As razões deste tipo de adesão a uma espécie de worldwideweb podem ser várias. Desde logo podem estar relacionadas com a implementação de medidas securitárias de um determinado governo, cujos efeitos podem potenciar factores de rejeição e de luta que conduzem a uma adesão à jihad global. Por outro lado, a simpatia por uma causa específica costuma também ser motivo de adesão a uma organização em rede. Finalmente, há que considerar a possibilidade de a adesão à jihad global poder conferir determinado tipo de proventos face à ligação entre muitas destas células e o tráfico de droga.
Deparamo-nos assim com uma plêiade de factores que interagem entre si e produzem, independentemente dos países e regiões em que se localizam, um considerável número de indivíduos com apetência para uma interpretação radical do Islão, que a partir de uma base sociológica sustentada pode determinar relacionamentos e conflitos à escala global. Com uma imigração fora do controlo das organizações governamentais, o desenvolvimento deste tipo de comunidades em redor de mesquitas lideradas por imãs com discursos inflamados contra o ocidente, acaba por originar, pela marginalidade social que encerra, a produção de ódios contra o ocidente e o seu modo de vida.
Este tipo de fenómeno ocorre e alastra-se também a muitos dos países árabes onde se desenvolvem correntes doutrinárias mais radicais; a adesão a esta linha de pensamento e acção é consequência do desenraizamento social de muitos “mujhaedin” entretanto regressados depois do voluntariado pela “jihad”, no Afeganistão ou nos Balcãs, onde interiorizaram, consolidaram e mitificaram o espírito, a luta e o sacrifício contra o Ocidente preconizados pela Al-Qaeda.
De tudo isto resulta claro que o combate ao fenómeno do terrorismo, que como se constata possibilita inúmeras possibilidades de recrutamento em ambos os lados da fronteira, não pode ser objectivo exclusivo do Ocidente sendo fundamental o envolvimento dos países árabes naturalmente conhecedores, melhores que ninguém, do ambiente em que tudo isto se desenvolve.

As comunidades islâmicas e a sua vulnerabilidade


Tal como anteriormente referido, na maior ou menor capacidade de integração estará o sucesso ou o insucesso do fenómeno migratório de matriz islâmica, competindo aos países receptores e de maior maturidade democrática, lutar pela harmonia entre comunidades e fazer reflectir esse sucesso na interacção necessária à diversidade cultural.
Do estrito ponto de vista da segurança interna dos Estados, tal não depende apenas das suas estruturas, ou tampouco das políticas que se pretendam implementar.

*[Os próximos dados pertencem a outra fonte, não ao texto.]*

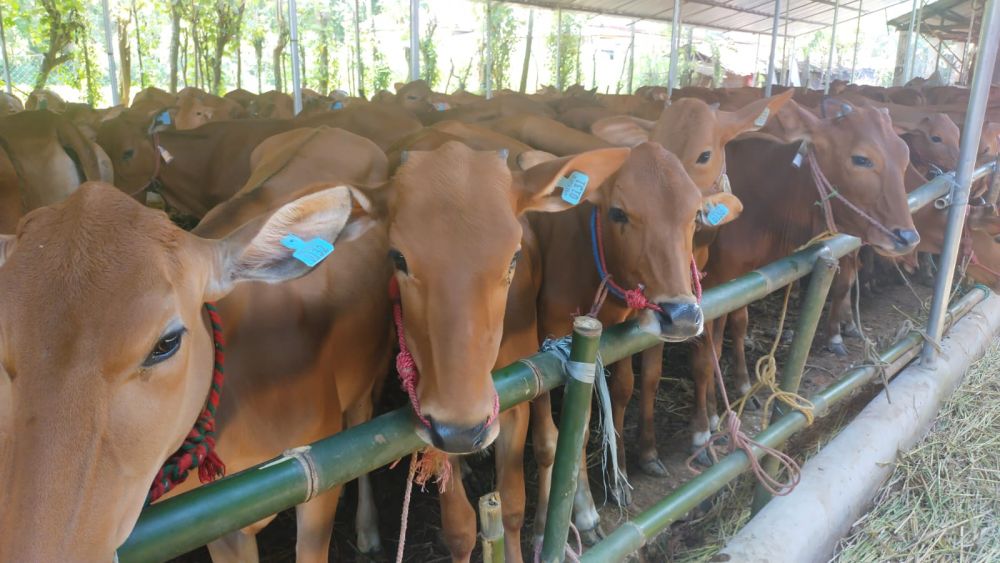 567 Sapi Bantuan Pemprov Riau Dikirim dari Jatim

Há uma dinâmica internacional, de características transnacionais e com implicações estratégicas nas relações internacionais que devem ser ponderadas; a realidade mostra-nos que muito do que está acontecer resulta de um desequilíbrio entre o mundo islâmico e o mundo ocidental, cujas origens podem ser parcialmente identificadas numa espécie de fractura estruturante entre as civilizações de orientação muçulmana e as ditas civilizações ocidentais. A psicologia das sociedades e os diversos estudos sociológicos e antropológicos sugerem que o desenvolvimento tecnológico europeu, grandemente baseado nas ciências desenvolvidas pela civilização muçulmana, pode ter aberto feridas e adensado o complexo «choque civilizacional» que se faz sentir até aos nossos dias. A expansão marítima portuguesa foi um exemplo disso, tendo dado início a um movimento renascentista que, progressivamente, massificou a cultura, os valores ocidental e o desenvolvimento económico à escala global.

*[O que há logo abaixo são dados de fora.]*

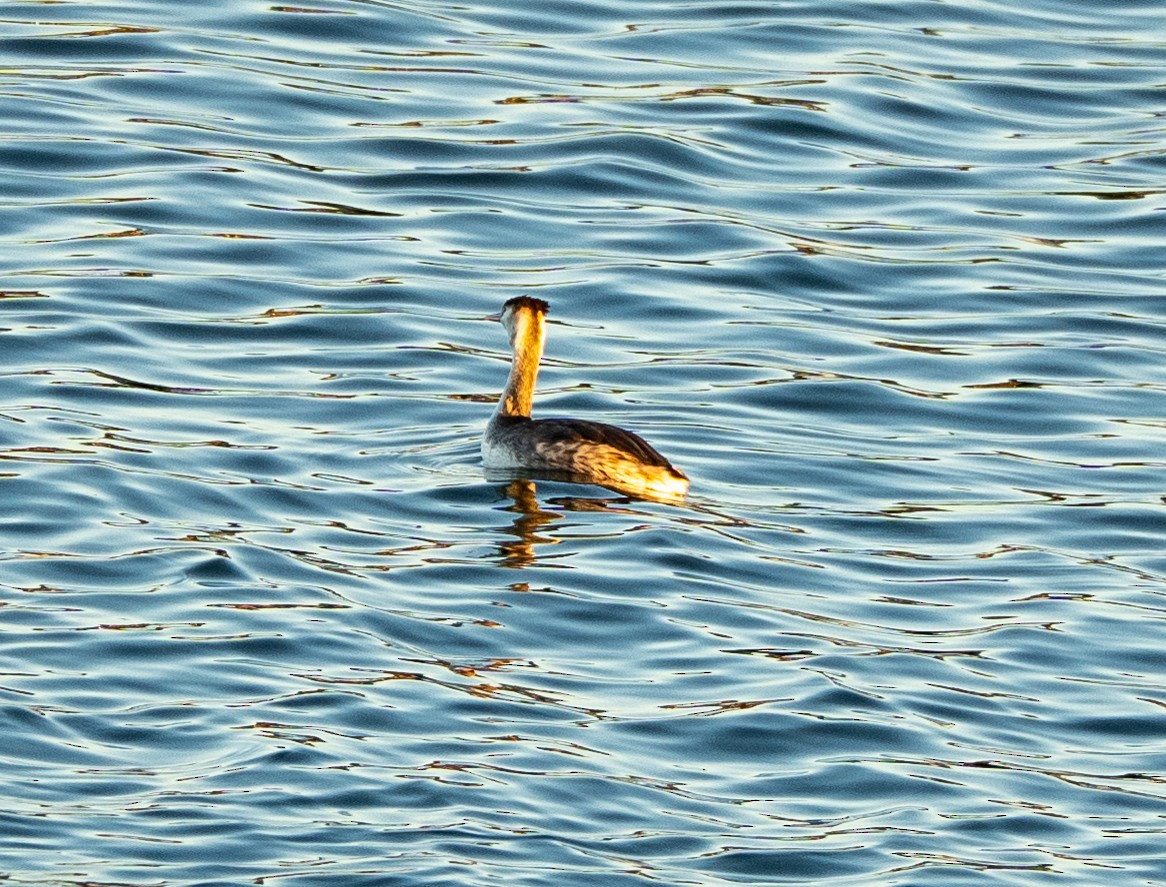 Пірникоза велика - ML647039140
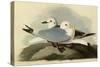 Kittiwakes-John James Audubon-Stretched Canvas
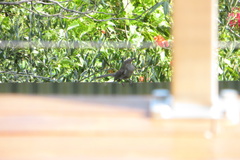 Anthochaera chrysoptera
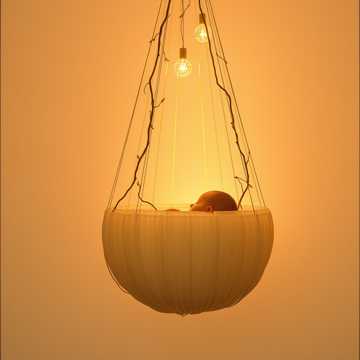 Cover art for Cordón invisible by Ruth Ana López Calderón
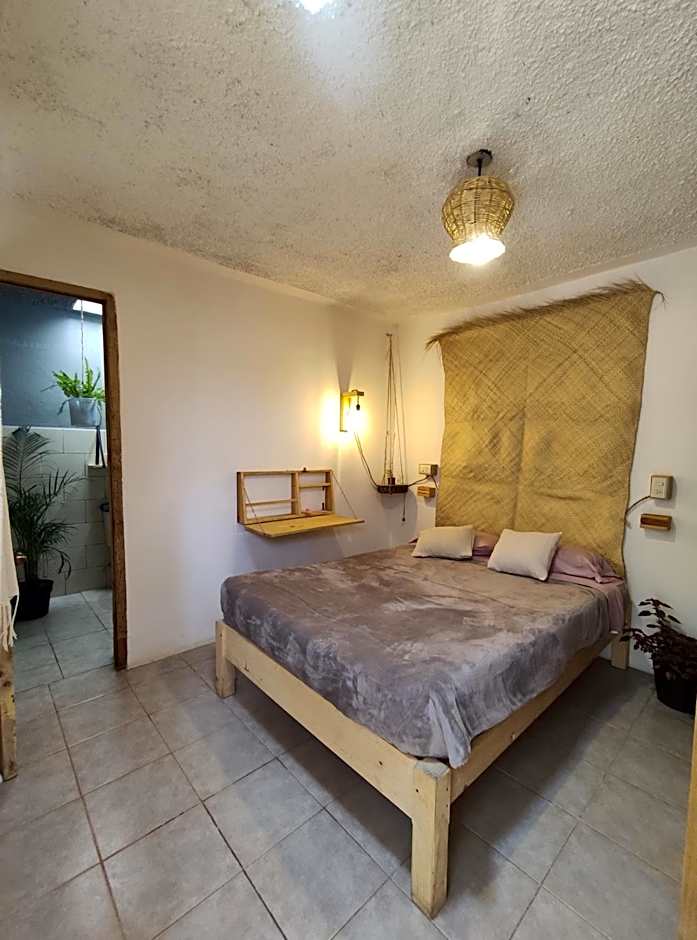 Hostel Boutique 55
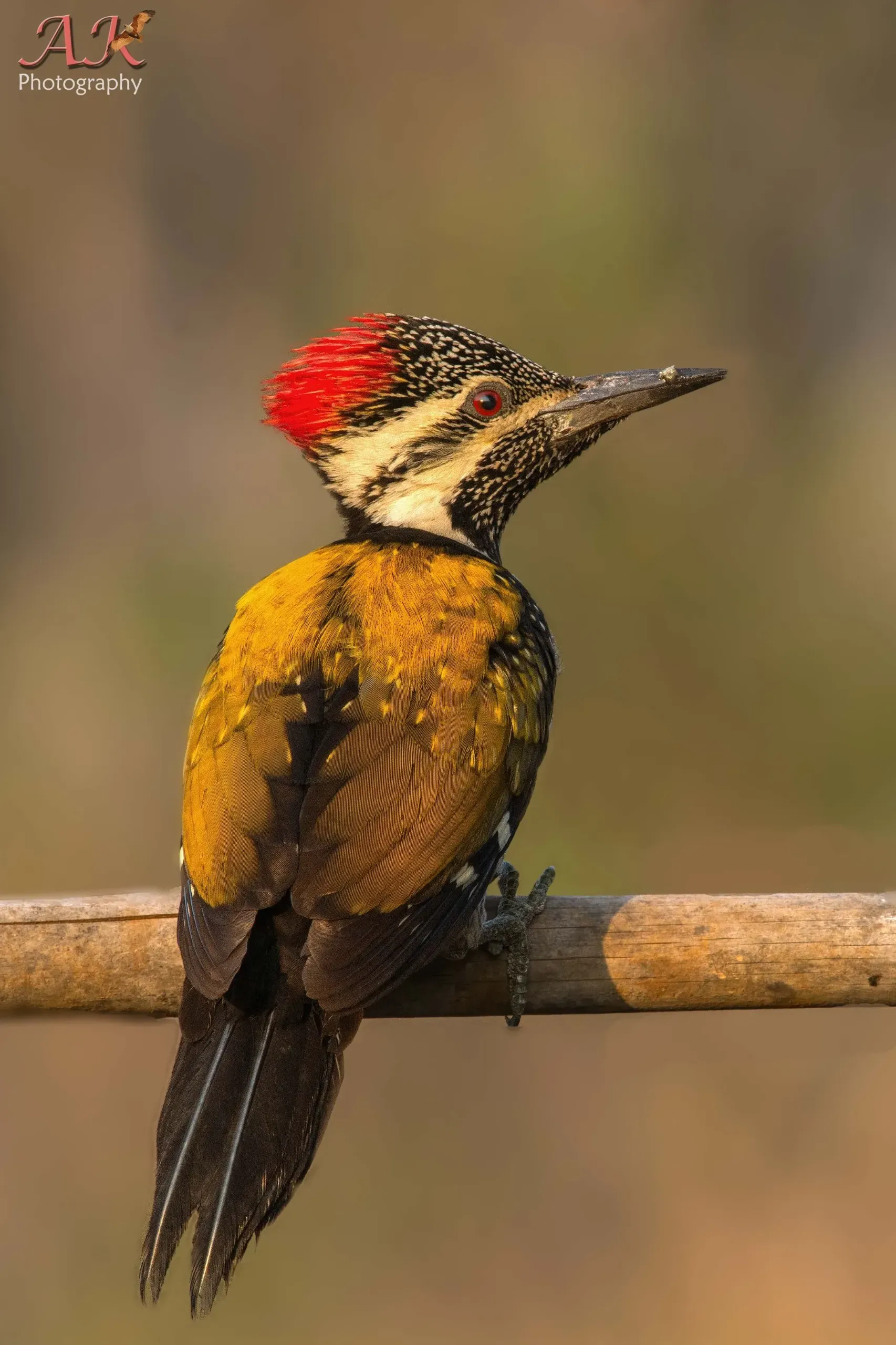 Birds Portraits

Se é certo que tudo isto permitiu que em certas regiões se atingisse um elevado índice de desenvolvimento humano, não é menos verdade que não houve equilíbrio na distribuição da riqueza e no desenvolvimento daí inerente. Tudo isto se reflecte, de forma muito sentida, num tempo em que a era da informação que vivemos impede o desconhecimento de muitas destas razões como génese do problema.
É assim desde já possível saber como se vive do outro lado da fronteira e do outro lado do mundo; a dinâmica migratória torna-se inevitável bastando para tal ler o relatório do PNUD (ver quadro) e constatar o espaço de manobra que as pessoas têm para viver.

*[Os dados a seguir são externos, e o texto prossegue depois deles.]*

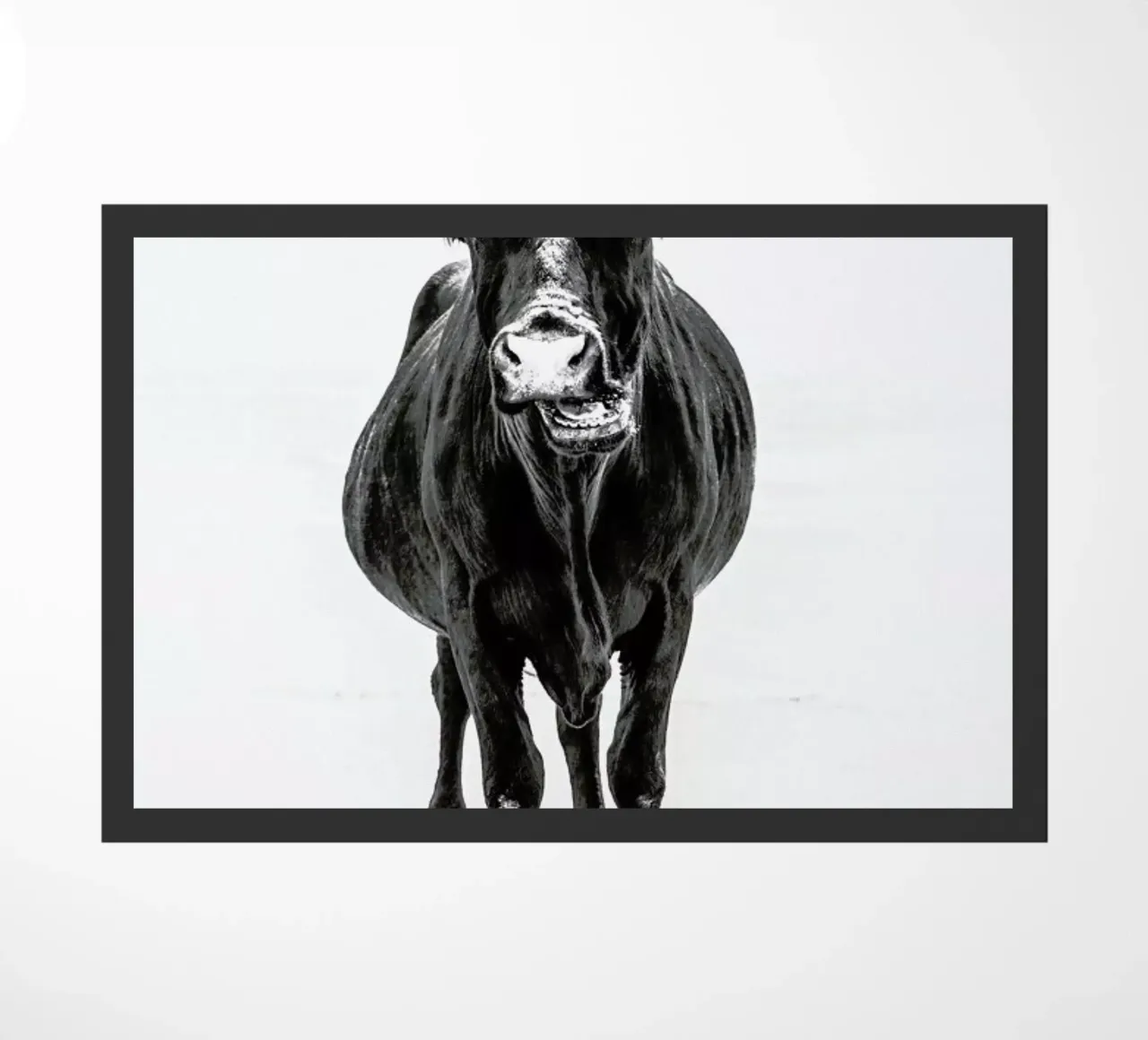 Stand Down zerbino da Natural Kingdom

Com a aceleração da História e o desmoronamento do mundo comunista em que do ponto de vista histórico a queda do muro de Berlim foi e é uma referência, toda a dinâmica da relação de espaços e a visão de fronteira foi alterada. Muito provavelmente ainda demoraremos alguns anos para termos plena consciência das consequências do fim da bipolarização. De momento poderemos afirmar, sem margem de erro, que o final da Guerra Fria foi determinante para o novo e mais complexo fluxo migratório à escala planetária a que assistimos. A realidade dos fenómenos migratórios decorrente desta alteração nunca mais será a mesma.
De tudo isto há algo que urge perceber: se os Estados não tiverem capacidade de gerir os fluxos migratórios terão sempre problemas ao nível da sua segurança interna. O que se passa actualmente na Europa é claramente sintomático de tudo isto; os resultados na vizinha Espanha, com a investigação dos atentados às torres gémeas em Nova Iorque, mostraram-nos, ao nível da informação processual decorrente das investigações criminais, um número de trinta suspeitos a levar a julgamento. Destes, verificou-se que muitos não estavam em situação regular nem em Espanha nem em qualquer outro país europeu.
Se juntarmos a este pormenor o que se investigou e apurou relativamente aos atentados de 11 de Março em Madrid percebe-se facilmente a forma tentacular do terrorismo nos nossos dias e a sua ligação às bolsas irregulares de imigrantes.
Esta aparente contradição, com o recrutamento a constatar-se nos grandes centros urbanos da Europa, através de células e bolsas de imigrantes que gravitam ao redor de imãs e mesquitas, fazem do nosso continente, se não um alvo privilegiado, local por excelência onde se poderão desenvolver actividades que alimentam o terrorismo aos mais diversos níveis.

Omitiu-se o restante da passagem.